The Mitsubishi 380 sold in Australia is basically a version of the Galant sedan sold in North America with a few minor styling tweaks. The car's share the same 3.8-liter MIVEC V6 from which the Australian version gets its name, which is why we're so jealous of the Australian market after seeing this 380 TMR concept being shown off at the Sydney Motor Show. The 380 TMR features a supercharged version of the MIVEC 3.8-liter V6 that produces 308 horsepower and 326 ft-lbs. of torque, which are scary numbers indeed for a front-wheel drive sedan, but assuredly entertaining, as well. Aside from the hopped-up engine, the TMR, which stands for Team Mitsubishi Ralliart, includes six-piston front and four-piston rear brakes developed by Ralliart, a ride height lowered 50mm on adjustable Koni shocks, and 19-inch wheels bound with Goodyear Eagle F1 rubber. Styling is amped up with a new hood that sports twin scoops and aggressive body kit, while Recaro seats and a Fujitsu sound system are new additions to the interior.
Mitsubishi is seriously considering offering the TMR 380 to its Australian customers in one form or another, either as a two-tier model range with a lower-spec example sporting all the visuals and a top end version that adds the supercharged motor. The automaker might also make the components used to build the TMR 380 available as individual accessories. The business case seems solid, as Mitsubishi has already received orders for the car after it was seen on the internet.

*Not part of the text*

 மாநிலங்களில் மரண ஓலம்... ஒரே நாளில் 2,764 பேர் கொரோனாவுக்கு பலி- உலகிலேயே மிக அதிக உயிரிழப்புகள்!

Knowing that the 3.8-liter V6 powering the 380 is available in the U.S.-spec Galant, we're groaning out loud that this supercharged version wasn't offered in the Galant Ralliart. The Galant Ralliart sold here has a normally aspirated 258-horsepower version of the same engine that routs power through a 5-speed automatic. While 258-horsepower is nothing to scoff at, scoff we shall since more powerful motors are offered by the Galant's competition in models that are bereft of much sporting intent. The Toyota Camry's 3.5-liter V6, for instance, produces 268 horsepower, and it doesn't have a TRD badge on the back. It seems Australians have even more power lust than us in North America, and Mitsubishi is happy to feed their need.